I implore all self-respecting foodies to take that trip.
So succulent was the food, it inspired me to introduce more Irish dishes into my repertoire. I have made my own corned beef, beef stew on the stove, and used a lighter cure to reproduce Irish bacon. This Patrick’s Day will see me making Irish Sausage and Irish Potato Bread. I have been honing these Irish recipes for a while.
With no small amount of trepidation, allow me to introduce a version of these two Irish dishes from a fat old Canadian of Irish heritage. Maybe you will want to try these Irish recipes for your Irish breakfast, once that famous March festival rolls around.

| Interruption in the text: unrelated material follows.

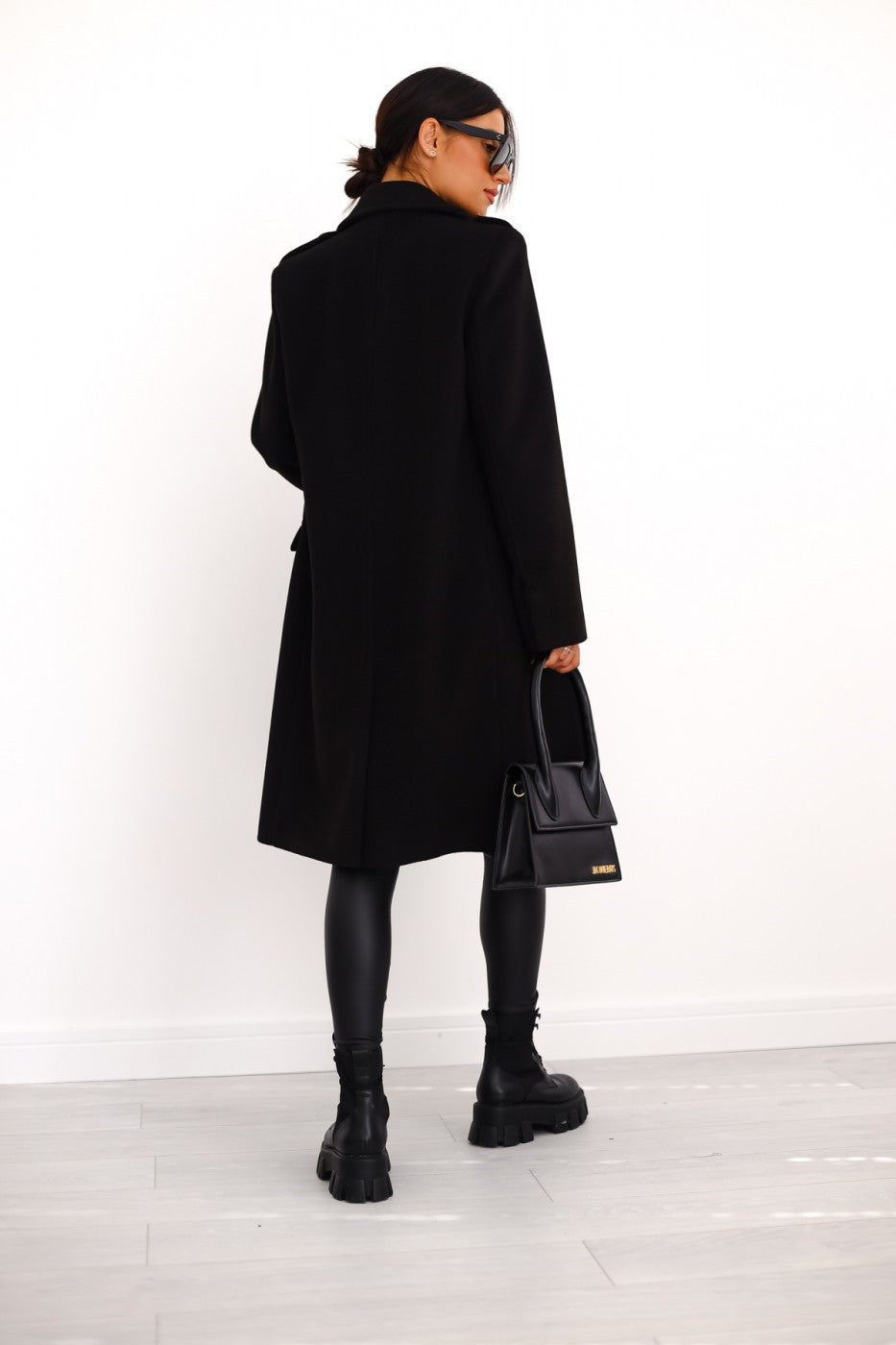 Veste Cintrée pour Femmes à Col Revers et Double Boutonnage, Manches Longues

This is the version of Irish Sausage I’ve made onsite here in the Canadian Rockies, mixing up the herb profile I’m used to applying but forgoing the traditional sheep casings used in Ireland. I have designed my Irish sausage recipe in line with the traditional style, with some bread filling, egg and the more complex seasoning.

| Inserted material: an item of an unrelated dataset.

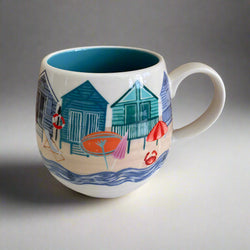 M & S Beach Huts Mug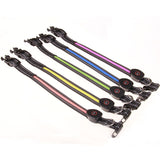 Light-up LED dog collar glowing at night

Ingredients for Irish Sausage
Makes ca. 30 sausages
- 2 1/4 lbs (1 kg) Pork (minced)
- 1 1/4 cup (30 g) coarse dry Breadcrumbs
- 10 feet of 3/4 inch (23 mm) collagen Casings (or preferred variant)
- 1 egg
- 1/4 cup (50 ml) Ice Water
- 1 1/2 tsp Table Salt
- 5 ml (1 tsp) (2.8 g) Black Pepper
- Dried Herbs: 3/4 tsp Marjoram; 1/2 tsp Thyme; 1/2 tsp Rosemary
- 1/4 tsp of Allspice, Mace, Cloves, Ginger, Nutmeg (ground), Cayenne
- 2 cloves of Garlic (minced)
- Make sure the meat is very cold at all times.
- Cut the Pork into 1-inch cubes and Grind through the small plate of a Meat Grinder. Chill for 30 minutes.
- Mix all remaining ingredients except the Breadcrumbs and Casings.
- Add the breadcrumbs and Stir to make a paste.
- Lay the meat out on a tray and Spread the paste over it.
- Fold the top half of the meat towards you and Press flat. Give the tray a 1/4 turn, then Fold the top over and press flat. Continue folding and pressing for 3 minutes.
- Chill the meat for 30 minutes. Meanwhile, Form the meat into patties or stuff in casings and Cut into sausages 4 inches long (or desired length).
- Leave to Sit in the Fridge overnight, to let the flavors Marry. Keep refrigerated, and Freeze any that will not be used within 3 days.
Irish Potato Bread
Potato flour bread with a longstanding place in Irish food traditions, Irish potato bread is really not all that hard to get right. Much like an unleavened bread recipe, it’s robust and versatile enough that even an absolute beginner can produce a decent example. My version of this Irish potato bread recipe is inspired by what I was served up one sunny Saturday morning in a Bed & Breakfast just outside Howth, Dublin. I’d never tasted anything like it!
Ingredients for Irish Potato Bread
- 1 1/2 cup (195 g) All-Purpose Flour
- 2 1/2 tsp Baking Powder
- 1 tsp Table Salt
- 1 cup (200 g) Potatoes, mashed
- 2 Tbsp Butter, melted
- 1 cup (220 g) finely grated Potatoes, finely grated
- 1/2 cup (125 ml) Milk
- Preheat oven to 400° F (205° C).
- Mix Flour, Baking Powder, and Salt together in a Mixing Bowl.
- Add Mashed Potatoes and Butter. Mix together.
- Grate Potatoes and Add to the dough, Mix together.
- Slowly Mix in the Milk to make a loose dough.
- Knead several times until well mixed.
- Make the dough into a circular mound and Put it on a Baking Sheet sprayed with Baking Spray.
- Bake for 40 to 50 minutes, until the bread is golden brown and has an internal temperature of 203° F (95° C).